SIAM Parallel Processing 2022 Minisymposium on “Advances in Performance Modeling of Parallel Code”
We are happy to announce that our proposal for a SIAM PP22 Minisymposium was accepted. The SIAM Parallel Processing conference series is unique in its emphasis on the intersection between high performance scientific computing and scalable algorithms, architectures, and software. The conference provides a forum for communication among the applied mathematics, computer science, and computational science and engineering communities. SIAM PP22 takes place in a hybrid format from February 23-26, 2022, in Seattle, WA. The full program can be viewed at: https://meetings.siam.org/program.cfm?CONFCODE=PP22.
Our minisymposium, to take place on February 25, 2022, is titled “Advances in Performance Modeling of Parallel Code.” It is organized by Georg Hager (NHR@FAU) and Alexandru Calotoiu (ETH Zurich). Here’s the abstract:
Performance modeling is an indispensable tool for the assessment, analysis, prediction, and optimization of parallel code in scientific computing and computational science. Modeling approaches can take a variety of forms, from purely analytic, first-principle models to curve fitting, machine learning, and AI-based solutions. The goals of modeling are just as diverse: Identification of bottlenecks or scaling problems, extrapolation, architectural exploration, and even the prediction of power dissipation and energy consumption can all be supported be modeling procedures. This minisymposium tries to provide an overview of the current state of the art in performance, or more generally, resource modeling of parallel code. The hardware focus will be very broad, from the node to the massively parallel level, including standard multicore systems, GPUs, and reconfigurable hardware. Contributions will cover fundamental research as well as tools development and case studies. After the minisymposium, the organizers plan to issue an open call for a journal special issue.

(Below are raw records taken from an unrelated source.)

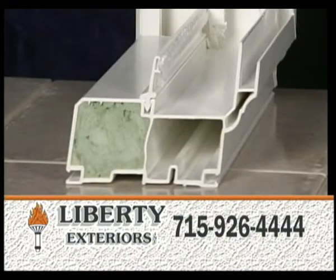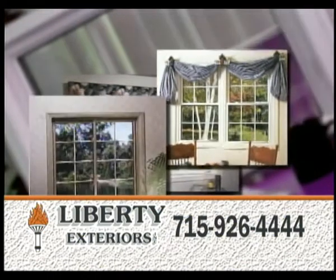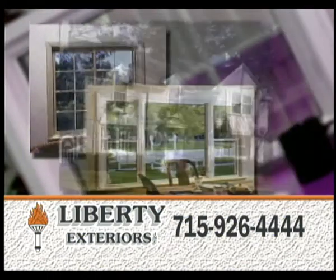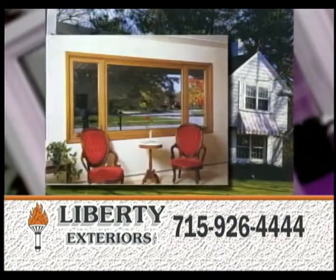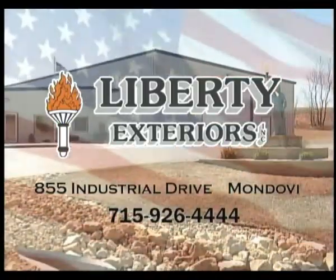Our windows are some of the most efficient, with insulated frames and many options. We have custom bays, bows, wood grains, and ultra-U insulated glass that will keep the heat in your home. Here at Liberty Exteriors, the price we quote is the price you pay.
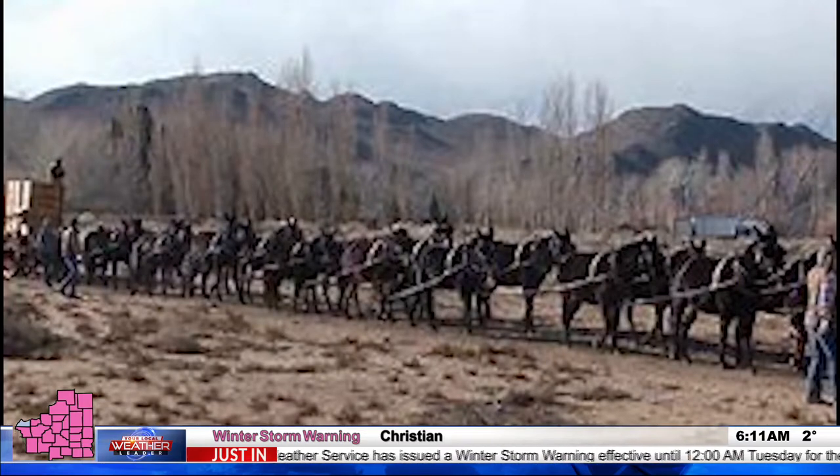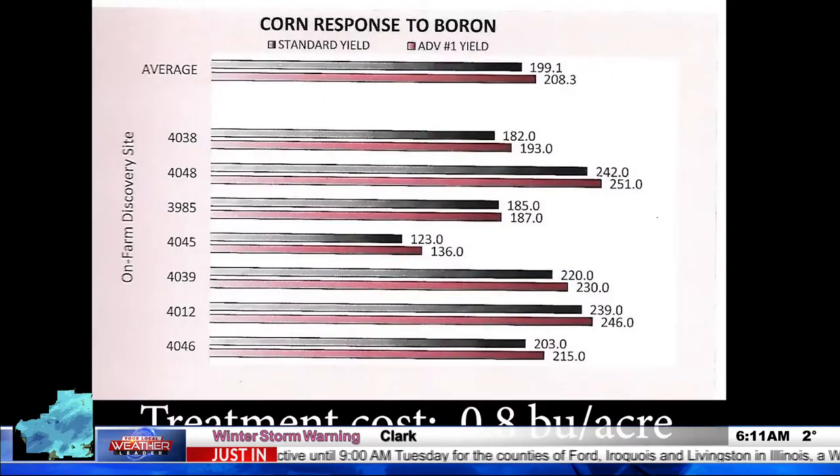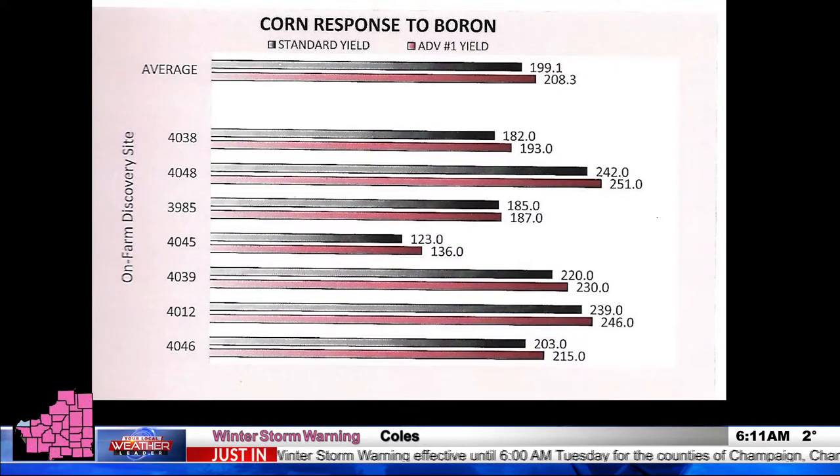It may not take 20 teams of mules to haul it out of the Utah mountains anymore, but boron is something that's becoming a popular yield booster for corn, according to agronomist Craig Blumker of Illini FS. It's a fairly low cost input, and the results we've seen over the last two to three years have been very promising, very consistent, and offer that profitability that we're all looking for.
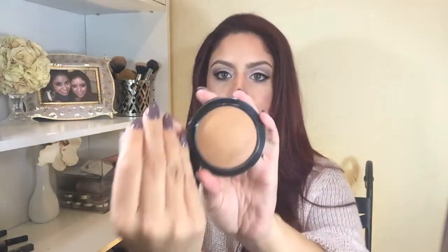Next I got the MAC Mineralize Skin Finish Natural in Gimme Sun! It's not a very dark shade at all. When I swatched it, it seemed a little orangey to me, but the girl at the store said that's just how it looks on the swatch and once you apply it it'll look super pretty and not orangey. I decided to try it, especially because it's matte and I need a matte bronzer.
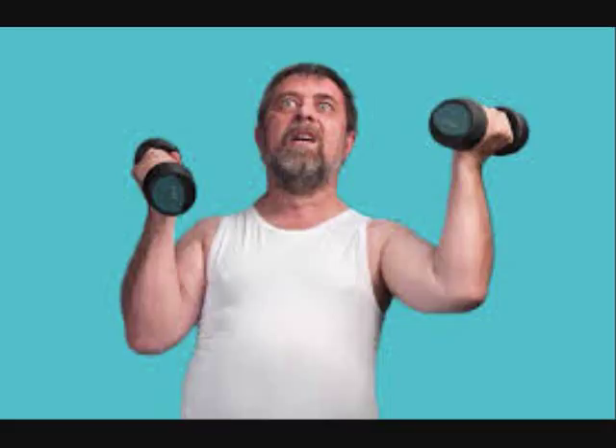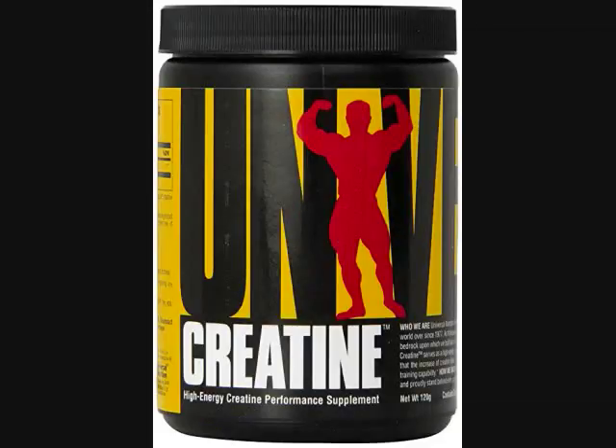Restore your ATP pool during workouts. Creatine serves as a high-energy bond in muscle and nerve tissue for maintenance of ATP levels during muscular contraction — it donates phosphate back to ADP, reforming ATP and restoring your ATP pool. If you buy this off Amazon, it's seven dollars and thirty-six cents.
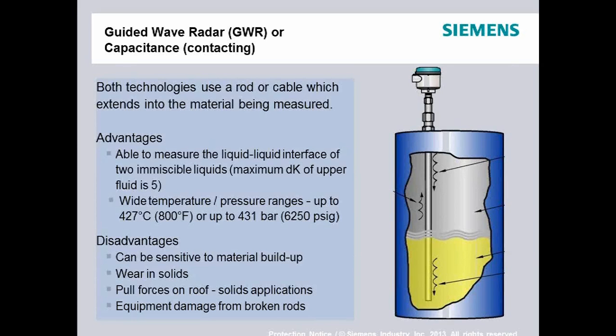In solids applications, if the material is abrasive — fracking sand is a good example — it can wear away at rods or cables. Pulling forces on the cable must also be taken into account: I've seen photographs of a silo where the guided wave radar cable wasn't properly accounted for, and as the silo was emptied, it literally pulled the roof right off. Similar to the plumb bob, any broken rods or cables getting into your process material or equipment could cause damage.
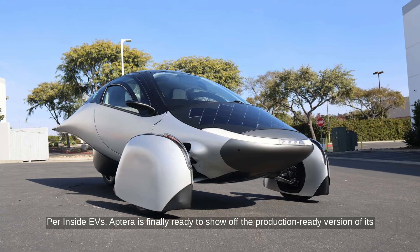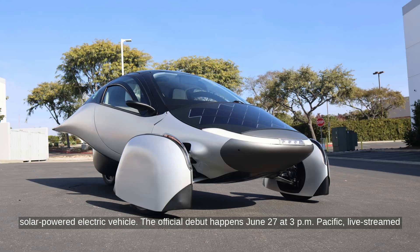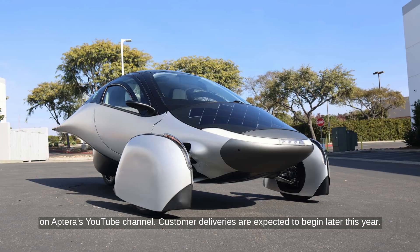Per Inside EVs, Aptera is finally ready to show off the production-ready version of its solar-powered electric vehicle. The official debut happens June 27 at 3 p.m. Pacific, live-streamed on Aptera's YouTube channel. Customer deliveries are expected to begin later this year.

An impressive lineup of international speakers have been brought together for this two-part MS:
11:10-11:30 Computational Waves in Parallel Programs and Their Impact on Performance Modeling
Ayesha Afzal, Friedrich-Alexander-Universität Erlangen-Nürnberg, Germany; Georg Hager, Erlangen National High Performance Computing Center, Germany
11:35-11:55 The Price Performance of Performance Models
Alexandru Calotoiu, ETH Zurich, Switzerland; Alexander Geiss, Benedikt Naumann, Marcus Ritter, and Felix Wolf, Technische Universität Darmstadt, Germany
12:00-12:20 perf-taint: Extracting Clean Performance Models from Tainted Programs
Marcin Copik, ETH Zurich, Switzerland
12:25-12:45 Extra-P Meets Hatchet: Towards Modeling in Performance Analytics
Sergei Shudler, Lawrence Livermore National Laboratory, U.S.
3:35-3:55 Performance Modeling of Graph Processing Workloads
Ana Lucia Varbanescu and Merijn Verstraaten, University of Amsterdam, Netherlands
4:00-4:20 Machine Learning–enabled Scalable Performance Prediction of Scientific Codes
Stephan Eidenbenz and Nandakishore Santhi, Los Alamos National Laboratory, U.S.
4:25-4:45 Automatic Application Performance Data Collection with Caliper and Adiak
David Boehme, Lawrence Livermore National Laboratory, U.S.